I'm explaining so much about the Jack character because there's no development. I don't mean that in a bad way. Jack is just stuck in this cycle of not having enough money, of fantasizing about a real life with a person trying to do her job, and he isn't going to get out of it. As Jack digs deeper into his rut, we transition to Scarlet's life. Her partner pushes her to make all of the money in their relationship, and she gives up on painting ambitions so she can spend more time camming to raise money for his business idea. Scarlet gets three-dimensional and it's clear she's allowing herself to be used in the same way Jack allows her to use him, and that both characters are putting on performances for the benefit of the other.

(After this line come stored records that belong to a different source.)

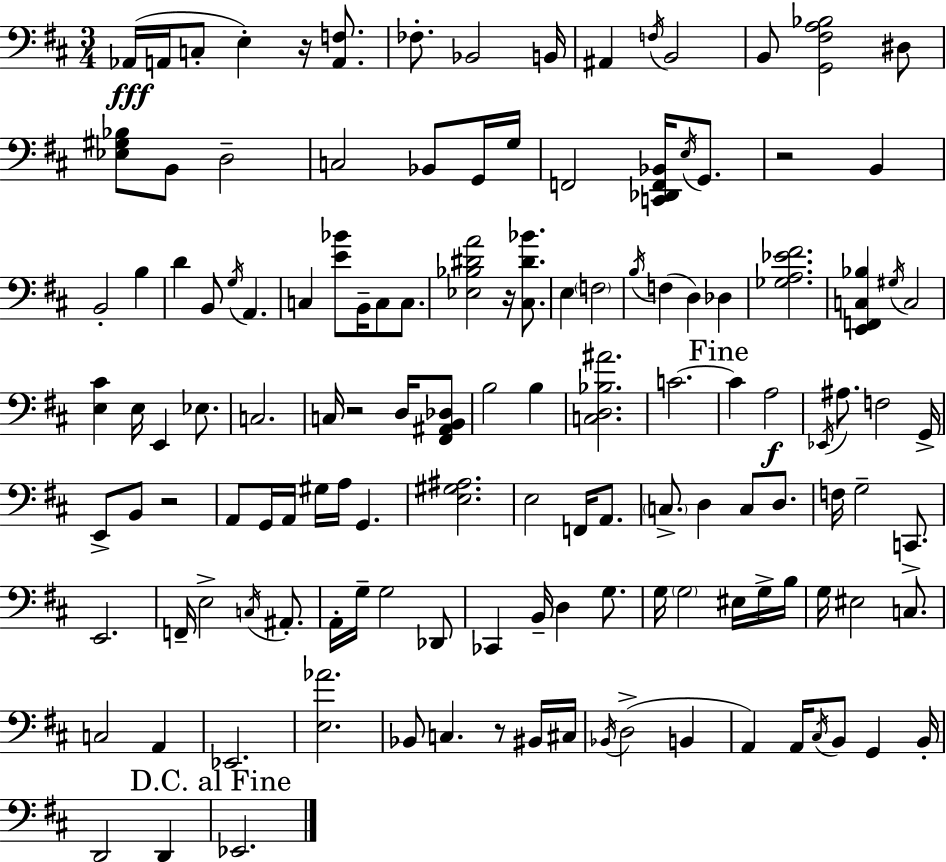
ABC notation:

X:1
T:Untitled
M:3/4
L:1/4
K:D
_A,,/4 A,,/4 C,/2 E, z/4 [A,,F,]/2 _F,/2 _B,,2 B,,/4 ^A,, F,/4 B,,2 B,,/2 [G,,^F,A,_B,]2 ^D,/2 [_E,^G,_B,]/2 B,,/2 D,2 C,2 _B,,/2 G,,/4 G,/4 F,,2 [C,,_D,,F,,_B,,]/4 E,/4 G,,/2 z2 B,, B,,2 B, D B,,/2 G,/4 A,, C, [E_B]/2 B,,/4 C,/2 C,/2 [_E,_B,^DA]2 z/4 [^C,^D_B]/2 E, F,2 B,/4 F, D, _D, [_G,A,_E^F]2 [E,,F,,C,_B,] ^G,/4 C,2 [E,^C] E,/4 E,, _E,/2 C,2 C,/4 z2 D,/4 [^F,,^A,,B,,_D,]/2 B,2 B, [C,D,_B,^A]2 C2 C A,2 _E,,/4 ^A,/2 F,2 G,,/4 E,,/2 B,,/2 z2 A,,/2 G,,/4 A,,/4 ^G,/4 A,/4 G,, [E,^G,^A,]2 E,2 F,,/4 A,,/2 C,/2 D, C,/2 D,/2 F,/4 G,2 C,,/2 E,,2 F,,/4 E,2 C,/4 ^A,,/2 A,,/4 G,/4 G,2 _D,,/2 _C,, B,,/4 D, G,/2 G,/4 G,2 ^E,/4 G,/4 B,/4 G,/4 ^E,2 C,/2 C,2 A,, _E,,2 [E,_A]2 _B,,/2 C, z/2 ^B,,/4 ^C,/4 _B,,/4 D,2 B,, A,, A,,/4 ^C,/4 B,,/2 G,, B,,/4 D,,2 D,, _E,,2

There's a plot here. Jack thinks he sees Scarlet at a bodega and, realizing she may not actually live across the country, essentially tries to stalk her. Communication through the camming site continues, but in that moment the setting shrinks from the Internet to Brooklyn. That, to me, is the purpose of the plot, and whatever Safdie bros-style hijinks proceed are mainly in service of getting two incredible actors into the same room. I would have been happy to watch them in a hangout movie, exterior tension be damned. And I won't spoil it, but the last scene is maybe too elliptical for a movie with twists like this. Emotionally, it works, as a piece of plot in an otherwise grounded film, I don't know.
“Intimacy" is thrown around so often in movies about sex, but Hozie, Vack and Fox have made a truly intimate movie. During one cam session, Scarlet tells Jack he isn't allowed to come. She commands him to put his hands in front of the camera so she knows he isn't masturbating. He does, but a few seconds later we cut to his flaccid dick, cum speckling the ground. He wipes it up with a t-shirt. I realized, watching this, that I'd never seen a blown orgasm in a movie. It's small, but it's the kind of actually intimate moment so many films, even small ones specifically about sexual relationships, don't show. I've seen a thousand movie dudes who can't get it up, but I don't think I've seen one get awkwardly humiliated like this. I've seen a million movies about sex workers but I don't think I've seen more than a handful where that person hasn't been forced into it because of rough circumstances.
That makes PVT Chat real in a way erotic thrillers can't touch. For a movie to neither vilify sex or make it pornographic while being so heavily reliant on it as the crux of a relationship is incredible. I don't want it to seem like I saw a good-looking actor jack off and immediately stood up and started clapping, but it was, honestly, a good sign. I knew then that PVT Chat was going after online connection and relationships, subjects people began exploring in fake-profound movies since the days of AOL trial discs, from a new angle.